## What is needed:
Among the entries below, take the line with "Lira 1866 a. XXI, busto piccolo." and the line with "Dr. Busto a", and output them and every line between them exactly, with nothing else.

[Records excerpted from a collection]
□ □ □
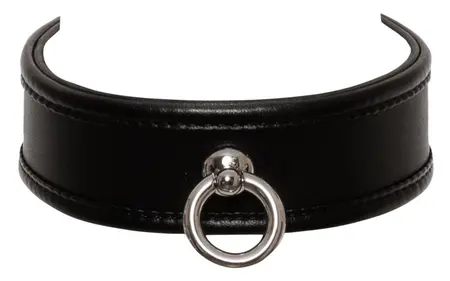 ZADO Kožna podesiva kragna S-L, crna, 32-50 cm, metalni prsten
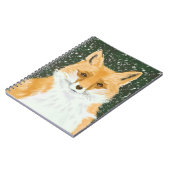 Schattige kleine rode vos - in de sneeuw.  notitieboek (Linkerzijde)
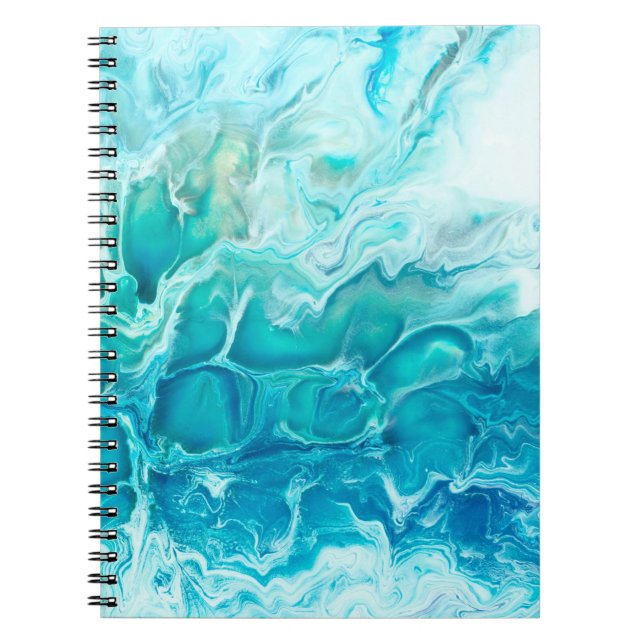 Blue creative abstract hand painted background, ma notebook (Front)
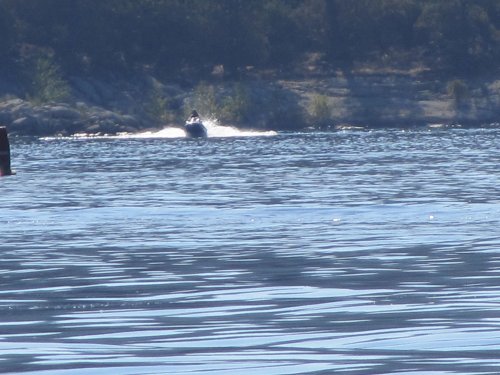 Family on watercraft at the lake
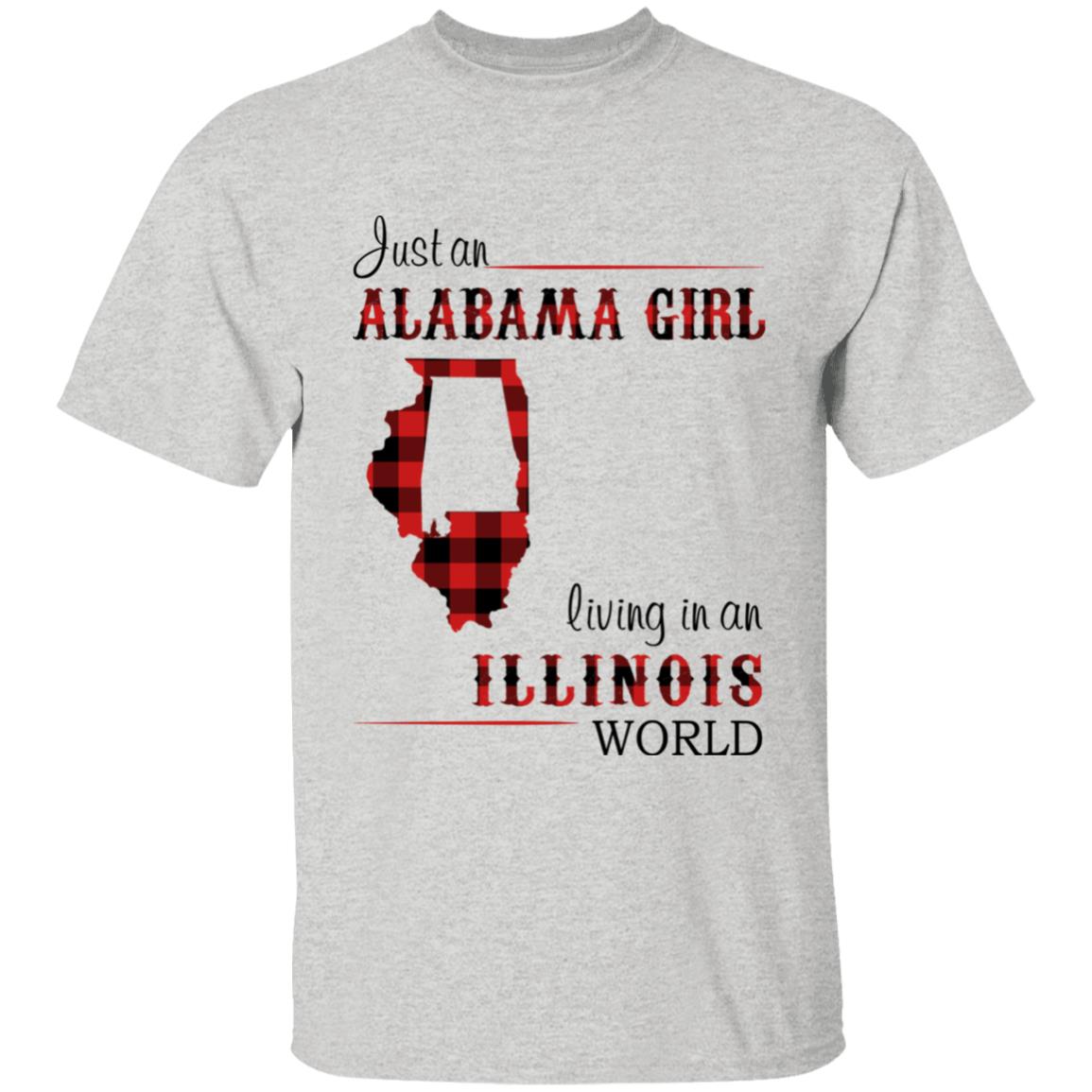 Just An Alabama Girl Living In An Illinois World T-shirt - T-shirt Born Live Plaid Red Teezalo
□ □ □
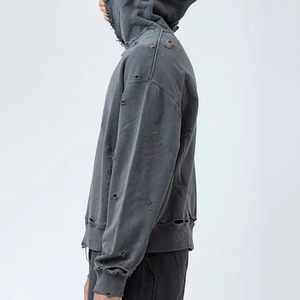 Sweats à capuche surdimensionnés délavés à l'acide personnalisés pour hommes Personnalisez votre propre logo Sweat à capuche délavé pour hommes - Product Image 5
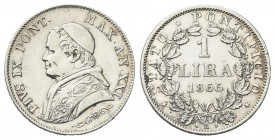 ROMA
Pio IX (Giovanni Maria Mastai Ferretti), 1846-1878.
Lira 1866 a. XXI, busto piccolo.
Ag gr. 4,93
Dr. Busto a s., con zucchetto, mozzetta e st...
□ □ □
## Exercise output:
Lira 1866 a. XXI, busto piccolo.
Ag gr. 4,93
Dr. Busto a s., con zucchetto, mozzetta e st...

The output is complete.